Another lawsuit was apparently caused by the fact that the documentation was not consistent on whether portions of the cellar were intended for commercial or for residential use. In yet another case, the commercial and residential unit owners argued about some language governing the right to use the building vaults. It's easy to say now, but if the documents were drafted more clearly, substantial expense could have been avoided.
Sometimes the sponsor does not predict a problem and the documents don't specify responsibility at all. One case arose involving whether the condominium or the commercial owner was responsible for liability insurance involving the public sidewalk next to the building. With no real help from the documents, the court found the condominium to be responsible.
It isn't surprising that after control of the board passes to residents, the board will sometimes try to reverse what it perceives to be the bias in the documents favoring the commercial units. In attempting to do so, board members often miss a key point. Just because they are residents themselves, and are elected by the majority, who happen to be residential owners, they still owe a fiduciary duty to the commercial owners.

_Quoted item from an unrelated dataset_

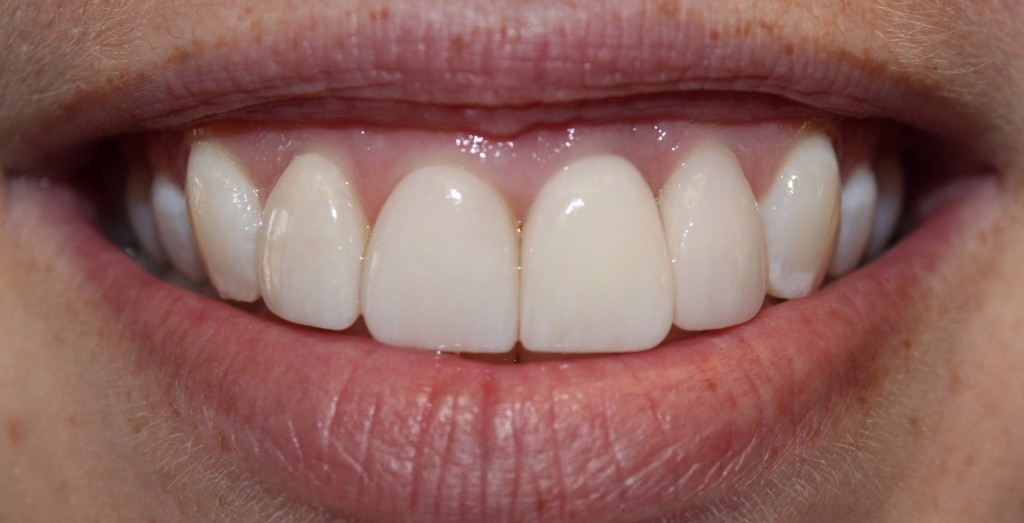 Dental Implants, El Reno, OK General & Family Dentistry in El Reno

Always taking the residents' side in establishing policies may make the board a defendant in litigation with the commercial owners.
When in litigation, boards will want to use the Business Judgment Rule as a shield for their actions, but the rule may have little place in these disputes, because most are resolved after the court has necessarily wrestled with the language in the governing documents. Since no board can behave in a manner inconsistent with these documents, the documents control. Also, even if the board's action seems otherwise proper under the documents, the specific impact on one class of owners cannot be ignored, which might result in an exception to the Business Judgment Rule.
In one situation involving a co-op, the board determined to raise money by having the proprietary lease amended to institute a sublet fee. The institution that owned the shares allocated to the commercial space had a specific right to sublet set forth in its proprietary lease, and in fact had to sublet to make use of the space. Meanwhile, the board had been discouraging residential subletting, and had even banned it for a substantial period of time. Even though there was nothing wrong with enacting a sublet fee in general, the appellate court found that instituting one which would target only the commercial units as a source of revenue might be considered discriminatory.
In practice, the areas of conflict may only be limited by the imagination of sponsors and boards. Sometimes, developers try to perpetuate the ability of the minority commercial owners to keep their special status. They might limit the ability of the majority residential owners to make changes, and preserve maximum voting rights for the commercial owners. Other times, boards look at the commercial owners as deep pockets and try to figure out how to obtain money from them.
Although conflict may be inevitable - particularly in new construction, where resident purchasers will not have this advantage - the best possibility of establishing an even-handed approach to the situation might be at the time of a conversion, when both the sponsor and tenants - represented by counsel - have a chance to negotiate their documents.